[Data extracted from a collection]
■ ■ ■ ■ ■
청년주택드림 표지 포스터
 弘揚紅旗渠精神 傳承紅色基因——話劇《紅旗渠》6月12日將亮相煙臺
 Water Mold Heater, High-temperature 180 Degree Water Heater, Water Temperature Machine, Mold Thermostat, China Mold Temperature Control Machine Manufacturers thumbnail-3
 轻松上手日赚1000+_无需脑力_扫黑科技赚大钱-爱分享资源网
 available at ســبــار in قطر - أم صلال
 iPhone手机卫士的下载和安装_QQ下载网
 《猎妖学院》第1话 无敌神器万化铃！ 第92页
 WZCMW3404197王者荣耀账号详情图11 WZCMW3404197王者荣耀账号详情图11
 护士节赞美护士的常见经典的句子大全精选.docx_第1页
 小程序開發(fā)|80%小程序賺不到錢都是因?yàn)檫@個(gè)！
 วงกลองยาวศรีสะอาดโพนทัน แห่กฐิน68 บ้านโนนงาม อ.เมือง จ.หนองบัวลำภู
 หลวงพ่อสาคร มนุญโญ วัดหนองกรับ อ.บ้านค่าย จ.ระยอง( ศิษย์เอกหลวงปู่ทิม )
■ ■ ■ ■ ■
_About this task_: Reproduce each record exactly as written above.

_Solution for this exercise_:
청년주택드림 표지 포스터
 弘揚紅旗渠精神 傳承紅色基因——話劇《紅旗渠》6月12日將亮相煙臺
 Water Mold Heater, High-temperature 180 Degree Water Heater, Water Temperature Machine, Mold Thermostat, China Mold Temperature Control Machine Manufacturers thumbnail-3
 轻松上手日赚1000+_无需脑力_扫黑科技赚大钱-爱分享资源网
 available at ســبــار in قطر - أم صلال
 iPhone手机卫士的下载和安装_QQ下载网
 《猎妖学院》第1话 无敌神器万化铃！ 第92页
 WZCMW3404197王者荣耀账号详情图11 WZCMW3404197王者荣耀账号详情图11
 护士节赞美护士的常见经典的句子大全精选.docx_第1页
 小程序開發(fā)|80%小程序賺不到錢都是因?yàn)檫@個(gè)！
 วงกลองยาวศรีสะอาดโพนทัน แห่กฐิน68 บ้านโนนงาม อ.เมือง จ.หนองบัวลำภู
 หลวงพ่อสาคร มนุญโญ วัดหนองกรับ อ.บ้านค่าย จ.ระยอง( ศิษย์เอกหลวงปู่ทิม )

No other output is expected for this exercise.